Amazon’s swanky new London office at 60 Holborn Viaduct is built adjacent to the site of the world’s first coal-fired power station and also on the site of the oldest pub in London, The Three Tuns, the remains of which are still buried underneath it.
The power station, which began operating in January 1882, was built at Number 57 and by the indomitable Thomas Edison as a trial run for his later projects in New York. It had a Babcock and Wilcox boiler and was able to supply electricity for lighting along Newgate Street from the City Temple and the Old Bailey to the General Post Office.
This was thanks initially to the existence of underground culverts built as part the Viaduct‘s construction, itself one of the great feats of Victorian engineering, which required the demolition of over 4,000 mainly slum homes. This enabled Edison to cock a snook at the gas companies which enjoyed a monopoly on digging up roads for underground cable laying at that time.

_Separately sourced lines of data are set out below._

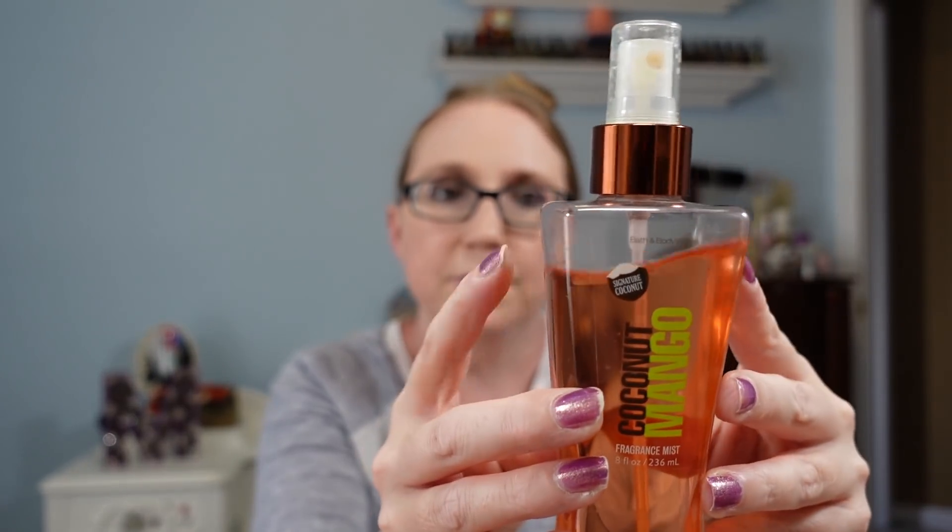I got this Bath and Body Works fragrance mist in Coconut Mango. It's been used — not filled to the top — but this is a scent that is no longer made. I paid two dollars for this and listed it as a buy it now for $29.99. Discontinued fragrances can do really well, and this smells so good — very summery.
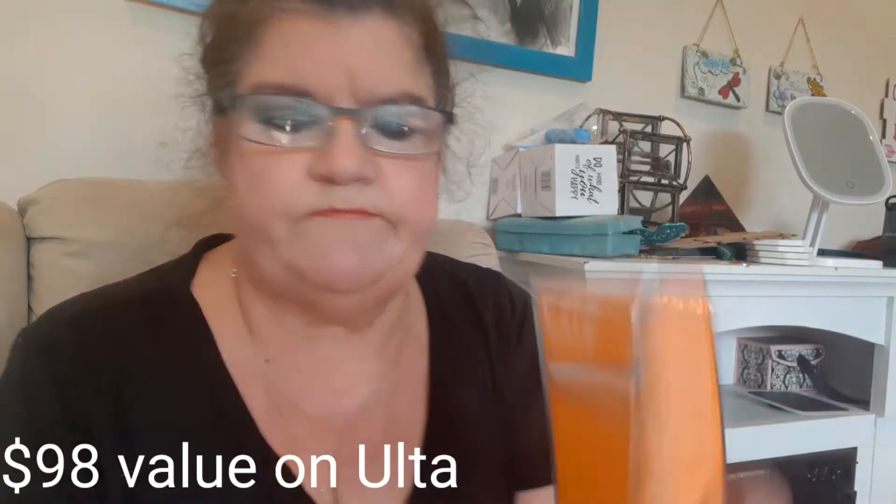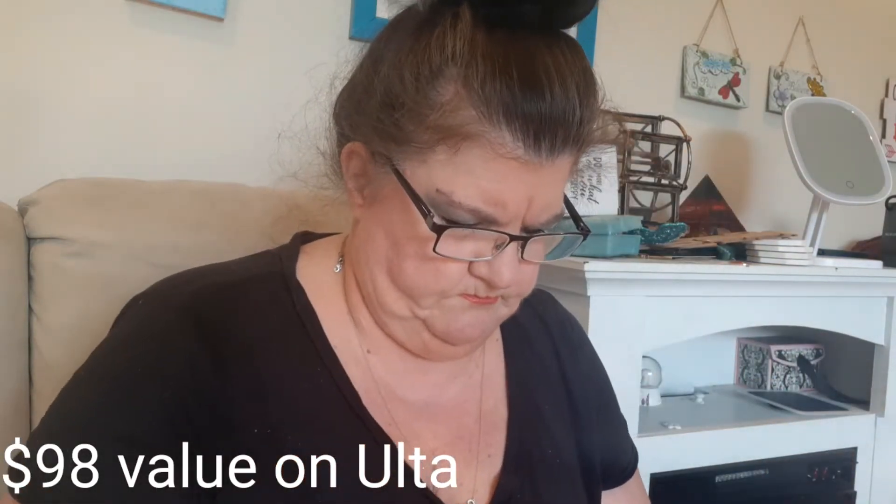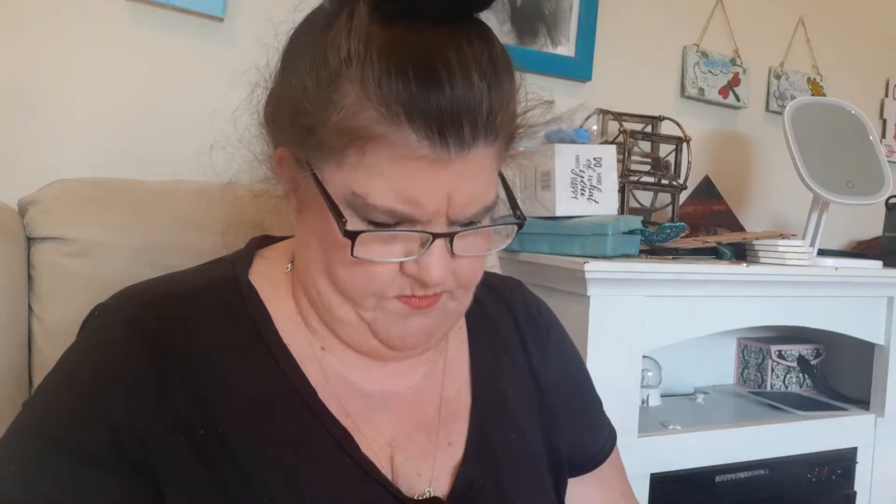This is Kate Somerville Sun Health Formula Intensive Exfoliating Treatment. I'll open it. It looks like this.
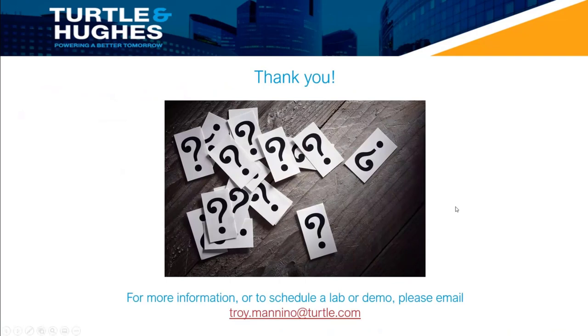If you would like to learn more or to schedule a lab or demo, please reach out to me at troy.menino@turtle.com. Please don't hesitate to reach out with any questions. I look forward to working with you on your application. Thanks very much for your time today and have a great day.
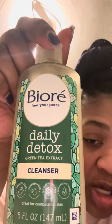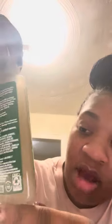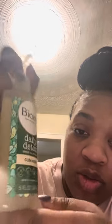I started off by getting this Bioré Daily Detox Cleanser — it has green tea extract in it. It's also dermatologist tested, free from parabens, sulfate free, and cruelty free. My face feels light, clean, and refreshing. It feels so smooth to the touch — I am completely in love.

Although the experiment was ended after two years, mainly because of cut-throat competition from gas, it paved the way for Edison’s triumph in New York and for the mistaken view of many Americans that the first public coal-fired power station was built in the Big Apple rather than London.
However, to beer drinkers the more interesting discovery was the unearthing by Museum of London archaeologists (pictured above) a few years ago of the extensive remains – including walls 2.5 metres high – of a the pub beneath Number 60. This dates back to medieval times, though it was enlarged in the 16th century and later. The pub buildings, which included a brewery and a taproom, straddled Snow Hill, which was then part of the main road from Newgate to the west.
The discovery added a new dimension to the thorny problem of deciding which is London’s oldest pub. This is the oldest whose original walls still exist, but there are others that claim to have existed for just as long, but whose structures have since been completely rebuilt.